Of those at least 15 years old, 456 (22.9%) people had a bachelor or higher degree, and 303 (15.2%) people had no formal qualifications. The median income was $25,500, compared with $31,800 nationally. The employment status of those at least 15 was that 813 (40.8%) people were employed full-time, 477 (23.9%) were part-time, and 33 (1.7%) were unemployed.

Over the summer months, the population of Golden Bay increases significantly with holiday makers taking holidays near the Golden Bay beaches. Numbers of people staying in Golden Bay have been reported as swelling the population up to 25.000 people during the peak holiday season.

Hydroelectricity 

The Cobb Valley is the location of the Cobb Hydroelectric Power Station.
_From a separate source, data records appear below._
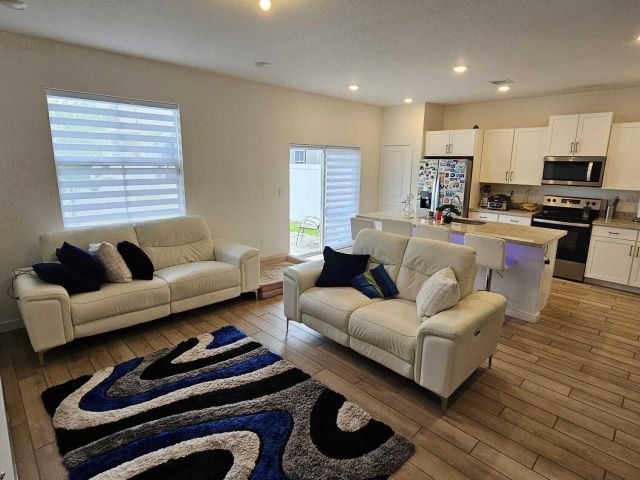 Home for sale at 1677 SE 8th Avenue - photo 6246648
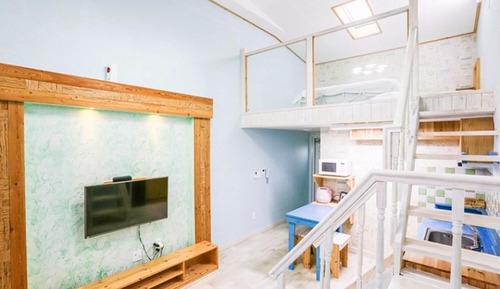 Room (A 203 (Duplex))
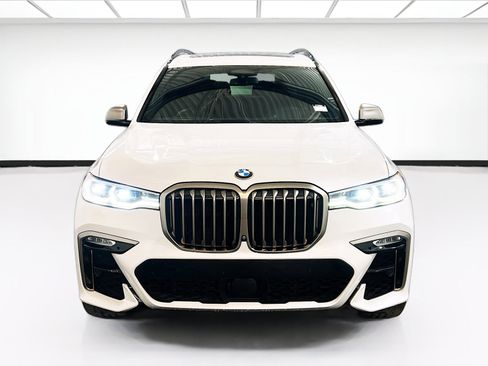 Used 2020 BMW X7 M50i w/ Dynamic Handling Package image 2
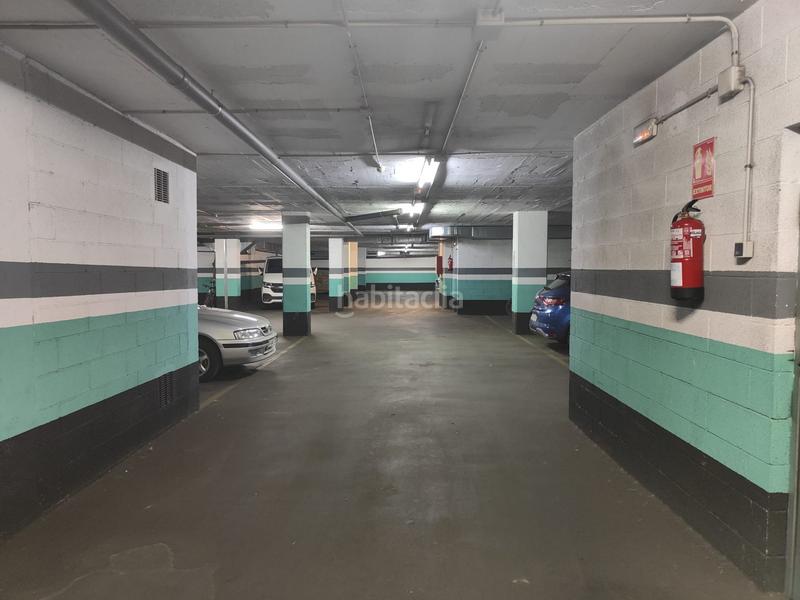 Foto 4cf838e1-709f-4211-beb3-a8b89e475a81. Alquiler parking coche plaça daparcament en Can Roca Terrassa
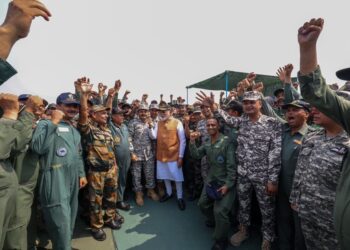 'Operation Sindoor' के बाद आदमपुर एयरबेस पहुंचे PM मोदी, जवानों के हाई जोश को किया सलाम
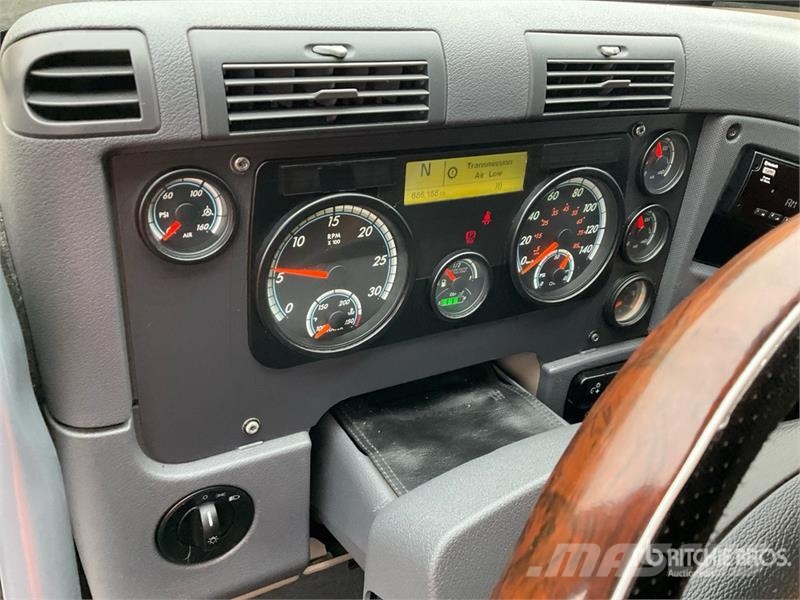 Freightliner Cascadia 113 Sattelzugmaschinen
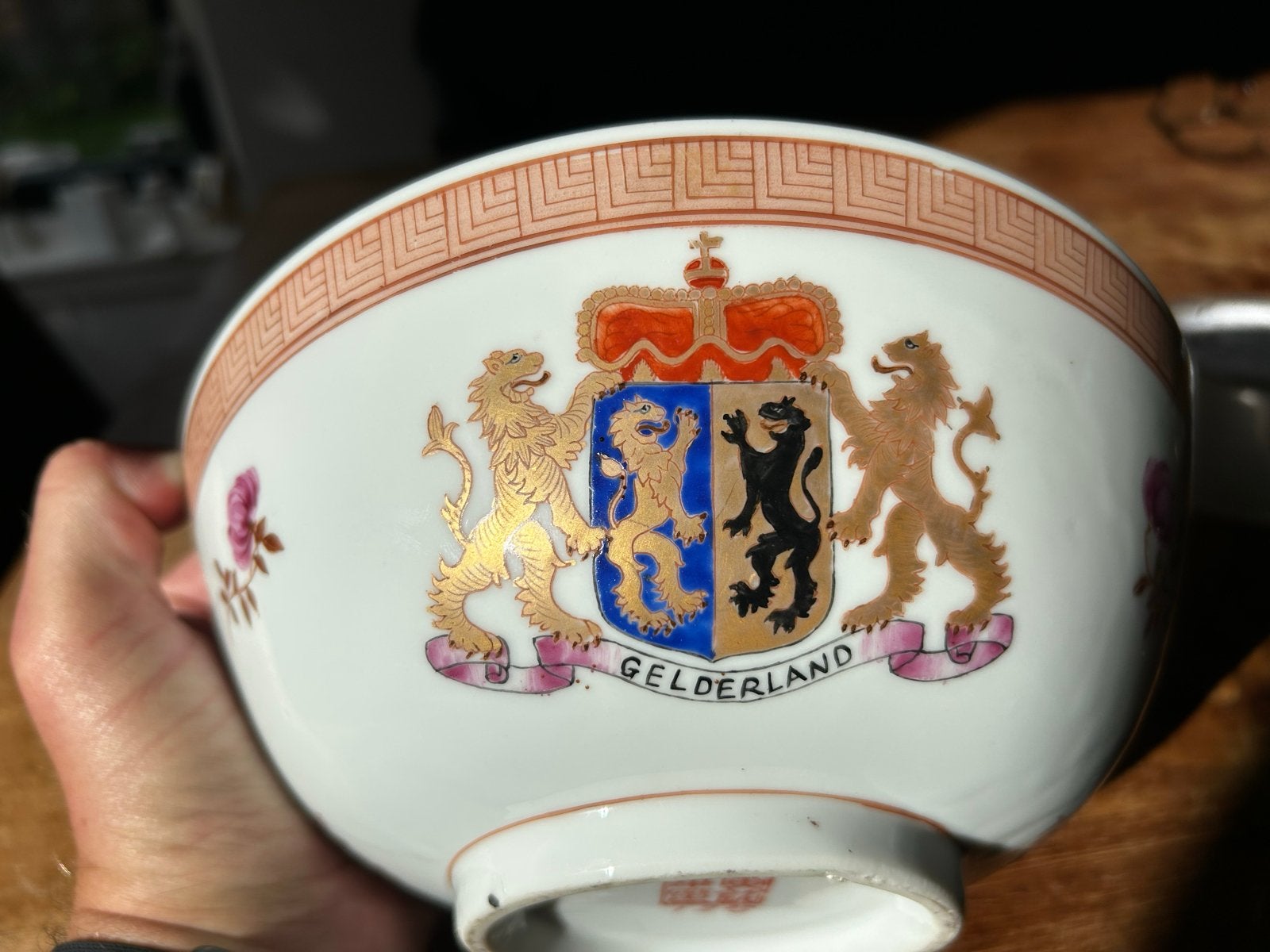 Antieke Chinese kom met wapen van Gelderland, Ophalen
The reservoir sits at 794 metres above sea level at the confluence of the Tākaka and Cobb rivers, The power station is situated 600 vertical metres below and provides  32 MW of power. The average annual output is 192 GWh. It was built between 1936 and 1956. Construction was difficult due to the weather with an annual rainfall of over 2,200mm and snow and heavy frosts in winter. The dam was originally planned to be concrete but this was deemed to be not suitable and an earth dam was constructed instead. It first produced power in 1944.

Asbestos mining 
Asbestos was discovered in Golden Bay in 1882 in the mountains behind Takaka. Several attempts were made to obtain commercial quantities in 1896 and 1908 but miners struggled with the isolated mountainous location. In 1917, 100 tons of asbestos was brought down by packhorse. With the development of the Cobb Valley hydroelectricity scheme, and in particular, the access road, asbestos mining became viable. Forty tons were extracted each month until the mine closed in 1945. The mine reopened in 1949 with government assistance and mining continued until 1964.

Golden Bay Cement 
The components of Portland cement were found to be all available in Golden Bay and in the early 1880s a cement works was built near Collingwood but was never completed due to a lack of financing. In 1909 a cement works plant was built at Tarakohe where there was plenty of suitable limestone to quarry close to a safe anchorage. The end product was then shipped to the North Island where plenty of demand existed. A wharf was built in 1910 and then a few years later a road was built from the cement works round the bays to Pōhara. By 1928, 50,000 tons of cement was produced annually. To provide bulk shipment of cement by sea, the ship MV Golden Bay was acquired in 1955. In 1988, the new owners (Fletcher Challenge) closed the cement works and transferred the name Golden Bay Cement to their other plant in Whangarei. In 1994, the harbour facilities owned by the cement works were sold to the Tasman District Council.

Farming

Dairy farming 
In 2009, there were 83 dairy farms which supplied the Fonterra factory in Tākaka. The factory turned about 525,000 litres of milk  each day into skim milk powder.